The deployment of Chinese vessel Yuzheng 311 is expected to further raise the political temperature in the South China Sea.
In Manila, the move is seen as a worrying sign of Beijing flexing its military muscle to other claimants to the islands, especially the Philippines.
One senator, not mincing his words, reportedly called it “gunboat diplomacy”.
But the official response has been carefully understated -reflecting the government’s fear of ruffling economic ties with its powerful neighbour, say analysts.
Last month, the Philippine Congress passed a law defining the archipelago’s baselines to buttress its claims on part of the Spratlys.
The new Philippine law was sharply criticised by China and Vietnam, the other rival claimant to the Spratlys.
The baselines law was passed ahead of a global deadline in May for all countries to make their territorial claims compliant with the United Nations Convention on the Law of the Sea.

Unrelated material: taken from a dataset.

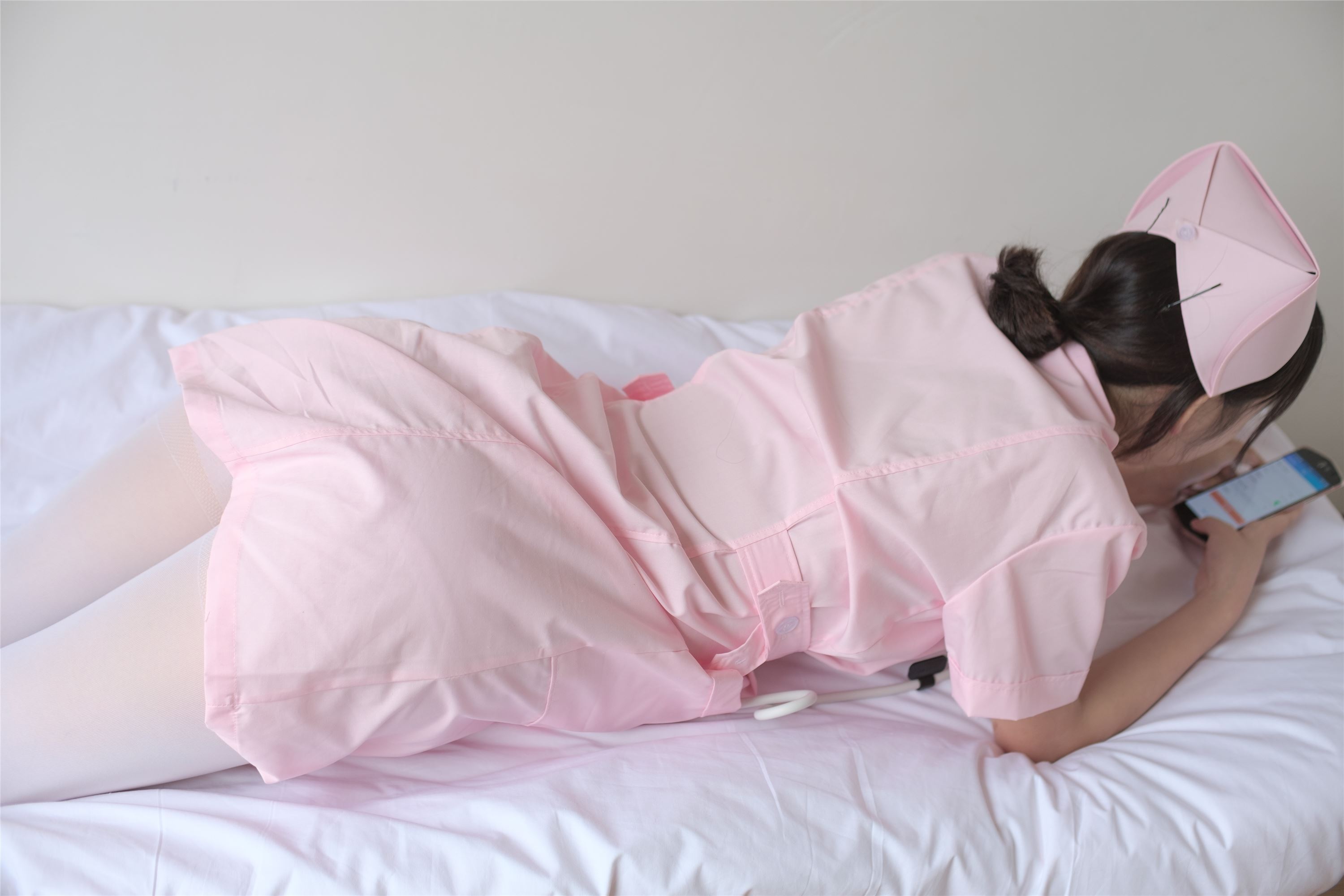 [森萝财团]萝莉丝足写真 X-021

China ratified its baselines long ago, as have many countries.
In the Spratlys, the Philippines claims nine islands in the so-called Kalayaan group -these are thought to be particularly rich in fossil fuels -and the Scarborough Shoal near a shipping lane.

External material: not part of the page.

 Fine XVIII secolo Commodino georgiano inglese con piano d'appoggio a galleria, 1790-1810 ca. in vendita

China claims all of about 100 Spratly islets, reefs and atolls and says they have belonged to the country since the Han dynasty (206BC to AD220) when the Chinese people named the islands Nansha.

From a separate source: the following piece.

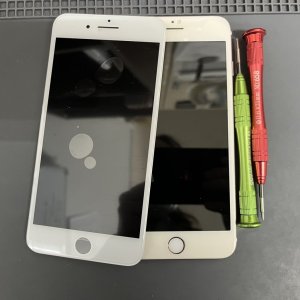 iPhone7+ 液晶交換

Malaysia also underlined its claim on two Spratly reefs, which prime minister Abdullah Badawi visited earlier this month. The Spratlys are also claimed in whole or in part by Brunei and Taiwan.
To reinforce their claims, most countries contesting the Spratlys have built garrisons and other structures, some are just shacks on stilts sunk into reefs.
The Spratlys have been a regional flashpoint for years, though there have been no deadly encounters for over two decades.
In 2002, Asean and China signed a landmark code of conduct on the Spratlys that effectively defused a potential flashpoint, though it did not offer a resolution to the dispute. The declaration calls on claimants to refrain from any action that could inflame the dispute, including military build-ups and new construction.
“China believes the Philippines contravened the spirit of the declaration that claimants shouldn’t do anything to change the status quo,” said Professor Herman Kraft, an international relations specialist at the University of the Philippines. “But I think this isn’t anything more than
a message,” he added, referring to the dispatch of the patrol vessel by Beijing.
Chinese diplomats in Manila insist the patrol ship’s mission does not violate the declaration. “We sent the vessel to enhance our fishery protection programme and maritime surveillance,” said Ms Hua Ye, the Chinese Embassy”s spokesman.
Philippine officials, quoted in the local media, said the government may consult Asean and the US, with which it has a mutual defence treaty, on how to resolve the bilateral spat with China. But this is a delicate issue.
President Gloria Arroyo has assiduously courted China for trade and investments. Not so many years ago, China barely figured in the Philippine trade statistics, it is now this country’s third biggest trading partner.
Officials yesterday said a Chinese lawmaker has postponed his trip to the Philippines this week, but presidential spokesman Cerge Remonde stressed the decision has “nothing to do with the baselines law”. “Our diplomatic relations with China remain strong,” he told reporters.